RECORDS -
--- START ---
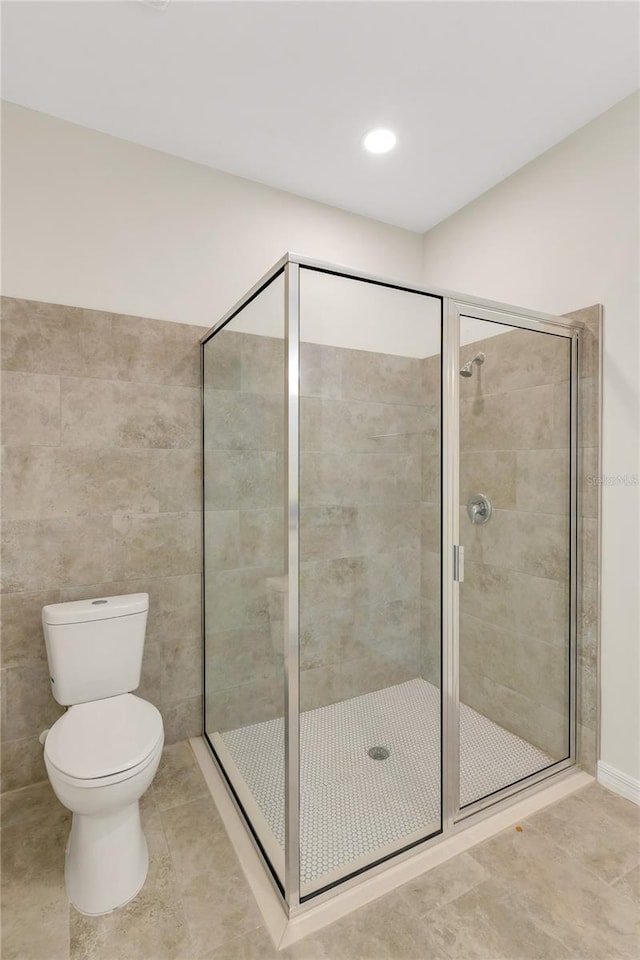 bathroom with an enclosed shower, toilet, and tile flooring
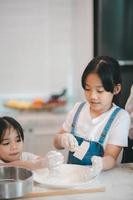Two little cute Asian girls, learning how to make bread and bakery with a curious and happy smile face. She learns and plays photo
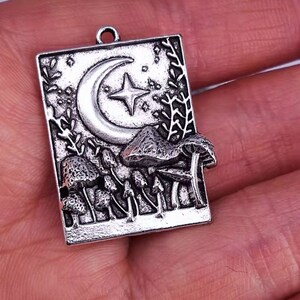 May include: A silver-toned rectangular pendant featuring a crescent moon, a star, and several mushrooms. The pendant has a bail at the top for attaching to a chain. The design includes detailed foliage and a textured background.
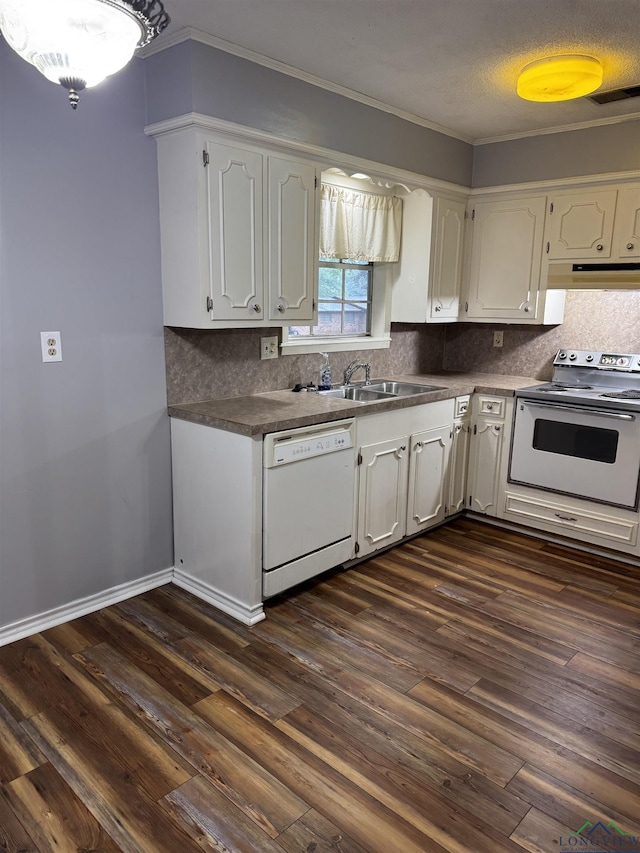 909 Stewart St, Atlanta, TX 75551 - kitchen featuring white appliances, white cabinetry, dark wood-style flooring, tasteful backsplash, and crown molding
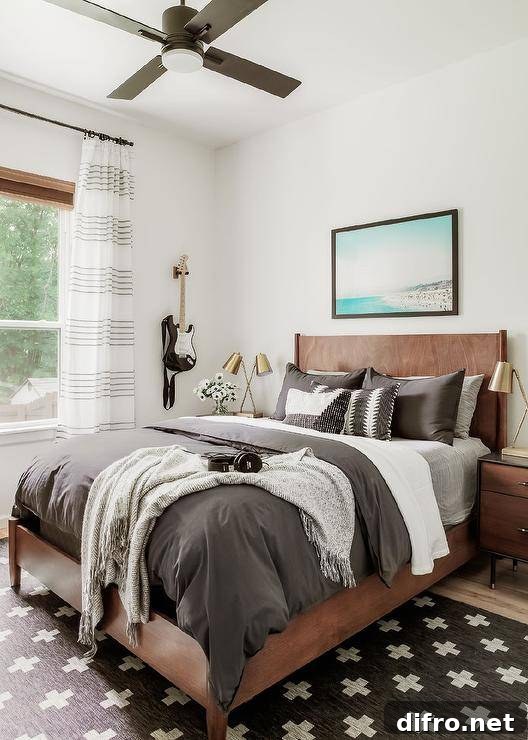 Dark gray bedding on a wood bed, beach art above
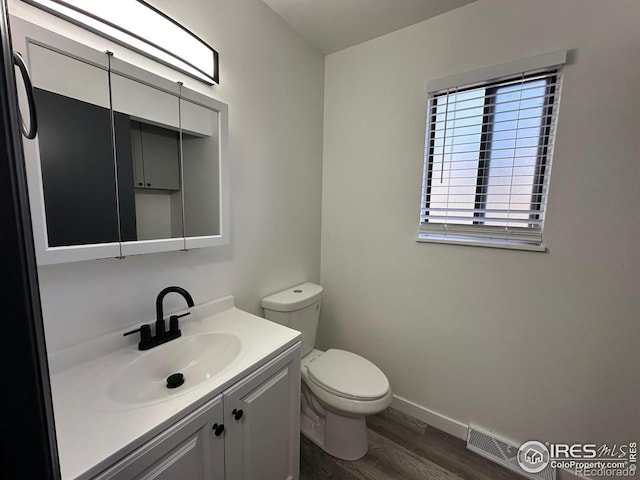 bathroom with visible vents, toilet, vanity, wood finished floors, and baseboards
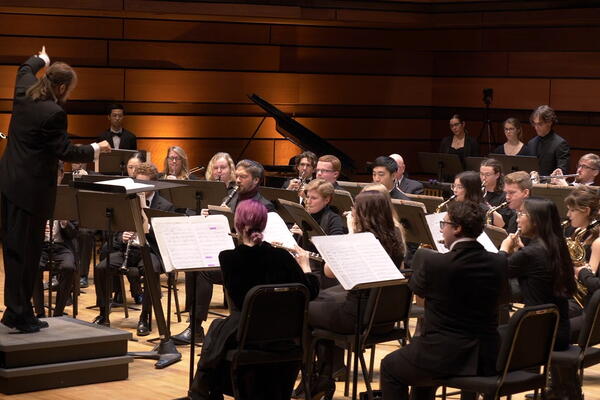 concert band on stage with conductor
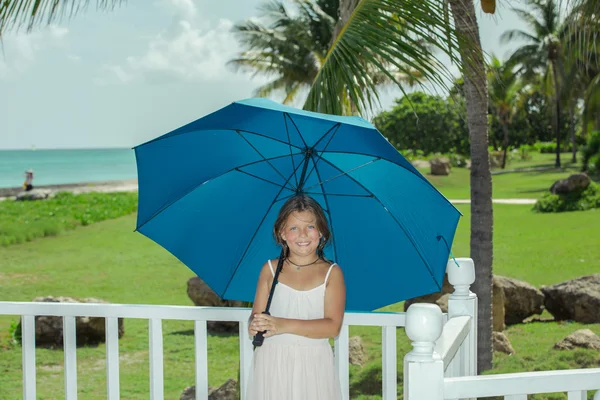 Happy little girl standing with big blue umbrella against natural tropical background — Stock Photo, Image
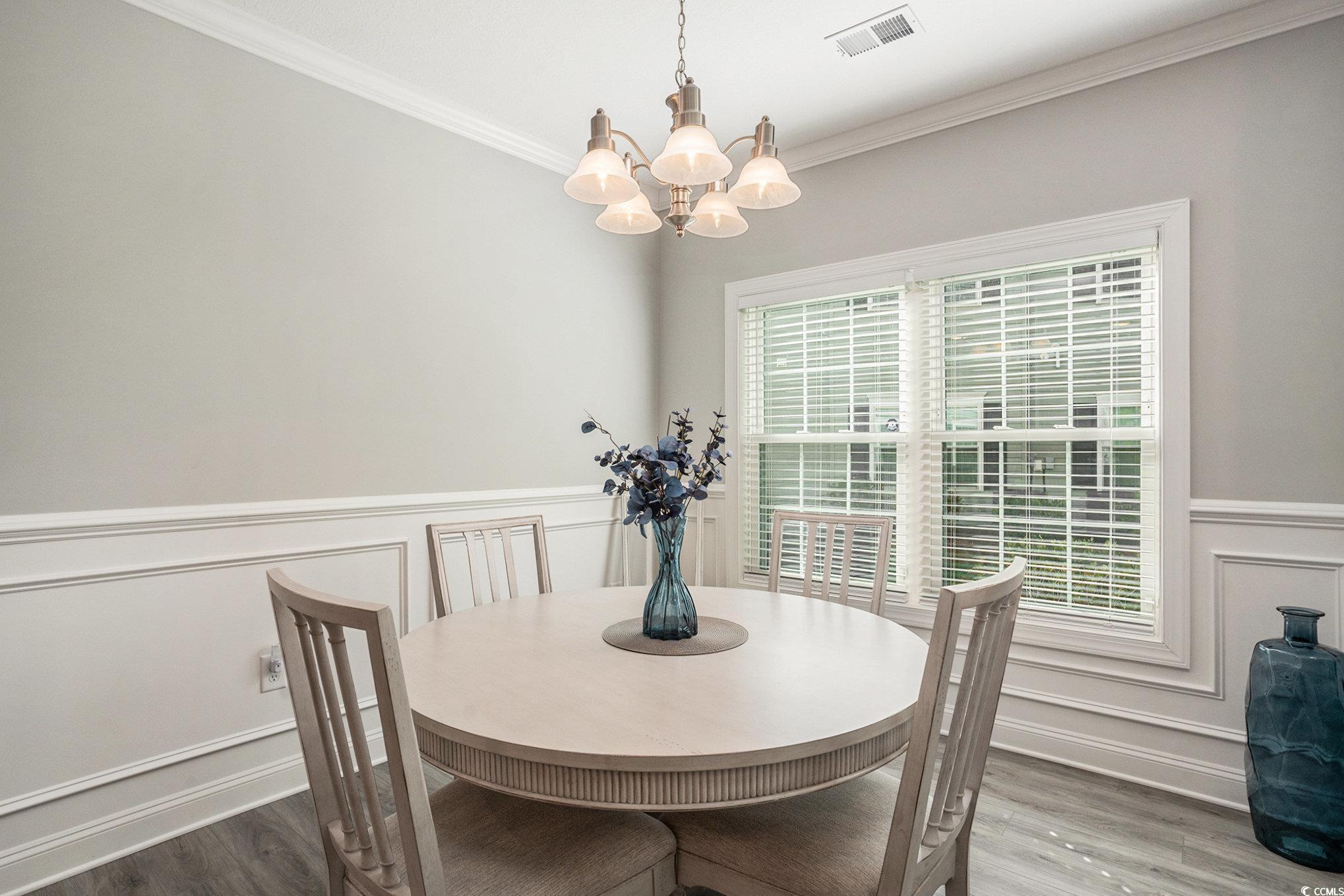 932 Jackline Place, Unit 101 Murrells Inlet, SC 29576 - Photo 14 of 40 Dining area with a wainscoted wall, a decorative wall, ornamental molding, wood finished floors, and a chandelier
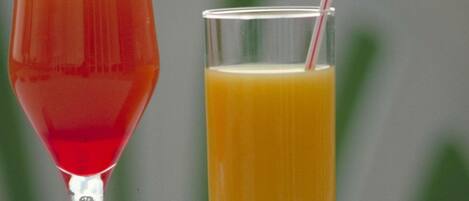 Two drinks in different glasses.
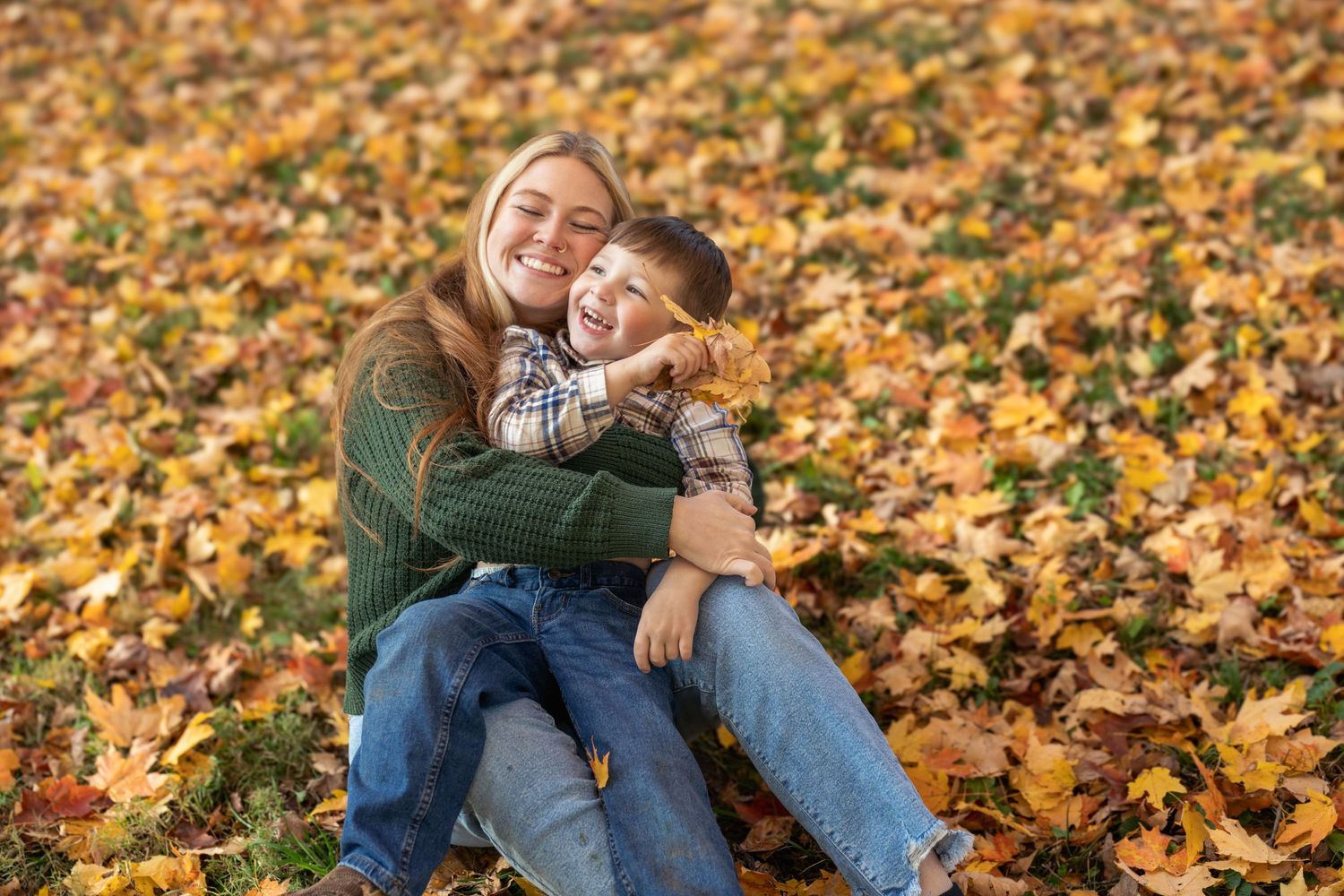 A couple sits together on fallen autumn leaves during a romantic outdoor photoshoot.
--- END ---
TASK REQUIREMENTS - Only what runs from the line holding "932 Jackline Place, Unit" through the end of the entries above is to be given again, exactly, with every picture omitted.

SOLUTION TO THE EXERCISE -
 932 Jackline Place, Unit 101 Murrells Inlet, SC 29576 - Photo 14 of 40 Dining area with a wainscoted wall, a decorative wall, ornamental molding, wood finished floors, and a chandelier
 Two drinks in different glasses.
 A couple sits together on fallen autumn leaves during a romantic outdoor photoshoot.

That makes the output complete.